◆ Provided data ◆
+ + + +

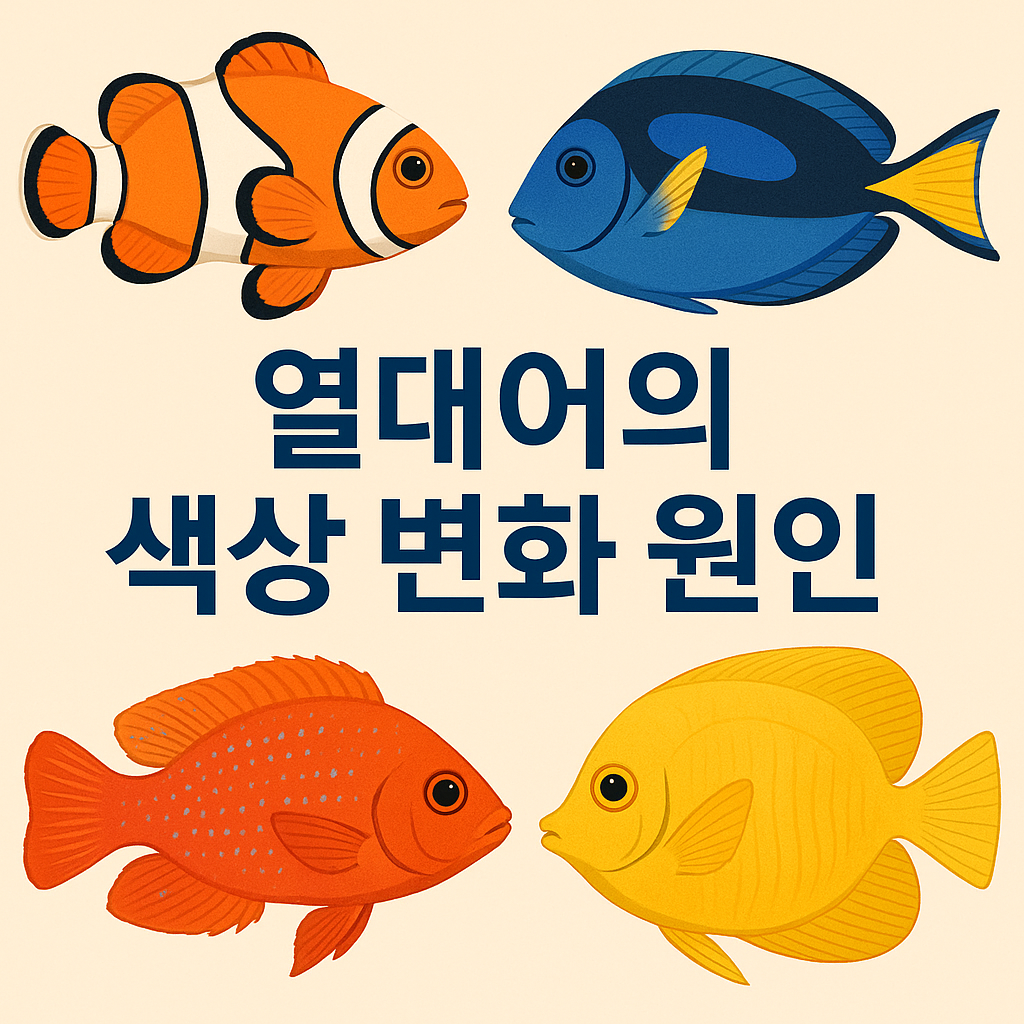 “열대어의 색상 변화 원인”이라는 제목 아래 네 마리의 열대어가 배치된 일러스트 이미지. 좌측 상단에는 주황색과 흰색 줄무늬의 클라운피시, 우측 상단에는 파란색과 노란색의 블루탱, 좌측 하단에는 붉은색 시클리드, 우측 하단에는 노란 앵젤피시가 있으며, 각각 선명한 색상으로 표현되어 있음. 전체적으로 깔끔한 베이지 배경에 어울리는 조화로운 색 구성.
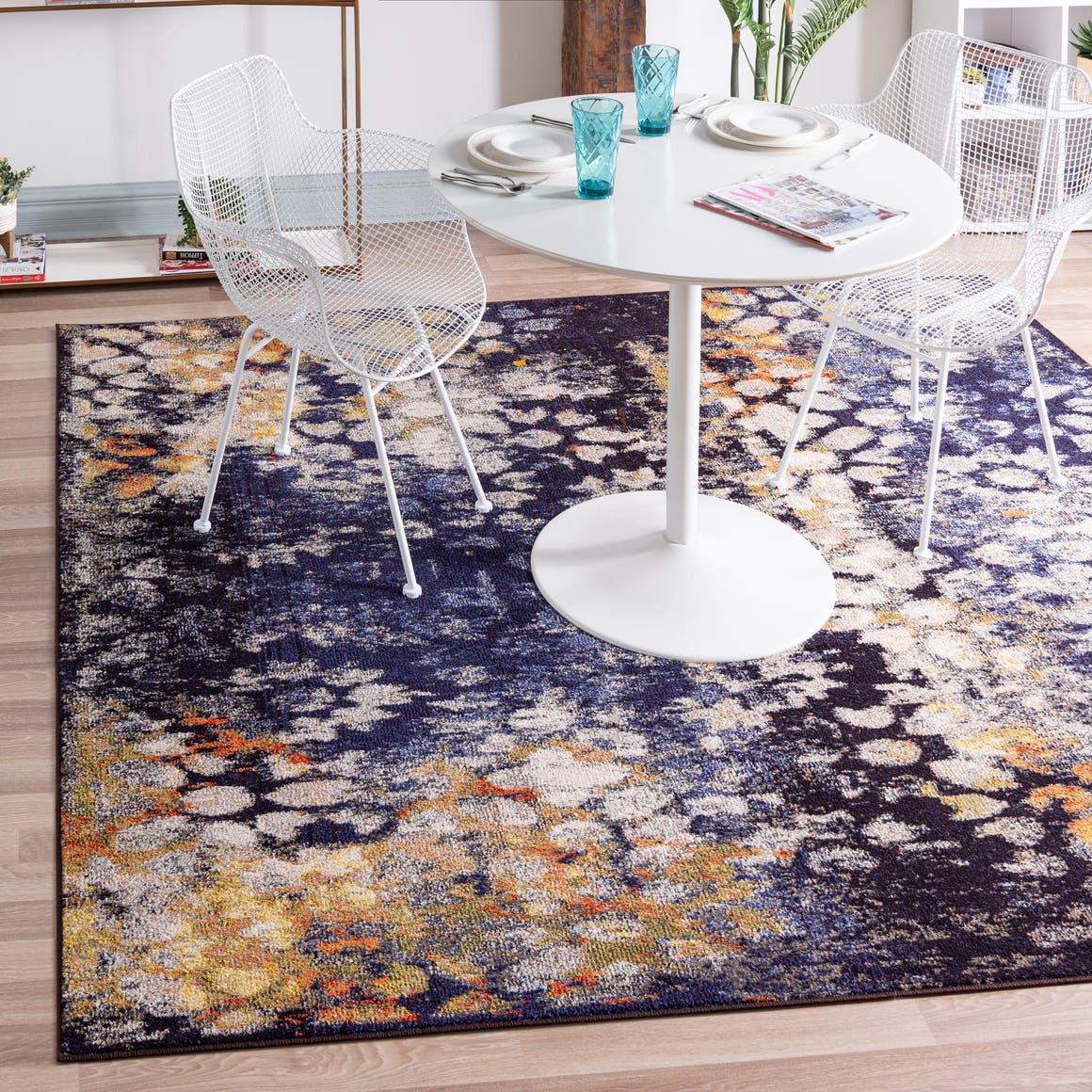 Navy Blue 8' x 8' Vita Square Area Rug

+ + + +

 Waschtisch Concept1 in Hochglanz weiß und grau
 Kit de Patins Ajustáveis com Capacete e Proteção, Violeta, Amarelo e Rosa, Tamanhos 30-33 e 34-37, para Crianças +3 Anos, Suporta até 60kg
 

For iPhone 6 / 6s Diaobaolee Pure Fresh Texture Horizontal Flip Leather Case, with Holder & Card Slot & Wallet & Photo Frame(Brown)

+ + + +

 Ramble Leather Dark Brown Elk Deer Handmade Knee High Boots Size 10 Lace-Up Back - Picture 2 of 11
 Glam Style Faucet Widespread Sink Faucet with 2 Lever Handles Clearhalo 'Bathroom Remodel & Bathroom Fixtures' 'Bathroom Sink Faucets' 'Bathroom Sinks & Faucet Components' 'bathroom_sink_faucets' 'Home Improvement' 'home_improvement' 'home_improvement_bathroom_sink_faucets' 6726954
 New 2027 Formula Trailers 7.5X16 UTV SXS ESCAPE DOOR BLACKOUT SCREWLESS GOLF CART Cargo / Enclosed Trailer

+ + + +

◆ Exercise ◆
Scan the listing above and copy all lines containing the word "Leather".

◆ Answer space ◆
For iPhone 6 / 6s Diaobaolee Pure Fresh Texture Horizontal Flip Leather Case, with Holder & Card Slot & Wallet & Photo Frame(Brown)
 Ramble Leather Dark Brown Elk Deer Handmade Knee High Boots Size 10 Lace-Up Back - Picture 2 of 11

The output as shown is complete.